I have asked nearly the same question on Math Overflow, but it is maybe too low level.
Let $\mathcal H^1(\mathbb R^n)$ be the real Hardy space (as in Stein's book, Chapter 3). It is well known that $\mathcal H^1(\mathbb R^n)\subset L^1(\mathbb R^n)$ and all its elements have zero mean.
I am looking for a (possibly sharp) Banach space $X$ of the following form: $$ \|u\|_{X}=\sum_{|\alpha|\leq k} \|(1+|x|)^N\partial^\alpha u\|_{L^p}, $$ $p\in[1,\infty]$, such that a function $u\in X$ belongs to $\mathcal H^1(\mathbb R^n)$ if and only if $\int_{\mathbb R^n} f=0$.
If polynomial weights are not sufficient, then it would be fine to have exponential weights, etc... A related question: is any Schwartz function with zero mean also in $\mathcal H^1(\mathbb R^n)$?

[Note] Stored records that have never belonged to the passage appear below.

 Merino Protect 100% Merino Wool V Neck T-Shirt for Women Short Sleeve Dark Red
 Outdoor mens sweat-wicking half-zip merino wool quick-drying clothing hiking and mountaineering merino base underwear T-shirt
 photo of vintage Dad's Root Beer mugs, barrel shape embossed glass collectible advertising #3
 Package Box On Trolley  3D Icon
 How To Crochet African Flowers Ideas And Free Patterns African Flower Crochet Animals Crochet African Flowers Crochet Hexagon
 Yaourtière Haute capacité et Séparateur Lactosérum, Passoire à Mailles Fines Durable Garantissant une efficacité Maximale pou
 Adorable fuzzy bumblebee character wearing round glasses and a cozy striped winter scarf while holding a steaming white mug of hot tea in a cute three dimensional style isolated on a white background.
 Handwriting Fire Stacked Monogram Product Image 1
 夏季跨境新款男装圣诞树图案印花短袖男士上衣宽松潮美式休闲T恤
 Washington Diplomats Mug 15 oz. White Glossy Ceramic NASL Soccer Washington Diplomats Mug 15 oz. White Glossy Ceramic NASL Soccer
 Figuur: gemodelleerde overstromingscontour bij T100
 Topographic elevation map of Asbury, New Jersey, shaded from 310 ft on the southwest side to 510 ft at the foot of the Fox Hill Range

I wonder whether one can take $X=W^{k,1}(\mathbb R^n)$ for $k$ large enough, that is, $p=1$ and $N=0$.
What I know is that any function in $L^q(\mathbb R^n)$, $q>1$ with compact support and zero mean belongs to $\mathcal H^1(\mathbb R^n)$ (and the $L^q$ assumption can be relaxed to $L\log L$). I had a quick look at Stein's book and Grafakos' book, but I did not find anything like what I am looking for.
I have the suspect that assuming only decay of $u$ of any kind ($k=0$) is not sufficient, and one needs also the decay of some of its derivatives, but I could be wrong. That would be an answer for the question on MO.

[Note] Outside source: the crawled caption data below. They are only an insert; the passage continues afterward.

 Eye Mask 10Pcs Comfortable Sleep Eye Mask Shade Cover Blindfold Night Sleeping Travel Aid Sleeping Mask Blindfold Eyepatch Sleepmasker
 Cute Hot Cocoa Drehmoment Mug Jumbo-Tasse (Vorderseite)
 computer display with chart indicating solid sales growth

Edit. It is clear that the main problem is at low frequencies. A weighted $L^p$ bound on $u$ would ensure that the Fourier transform is bounded and regular close to $\xi=0$. I am looking for spaces that have no other conditions on the low frequencies of $u$, this is why I am requiring $X$ to be a weighted Sobolev spaces.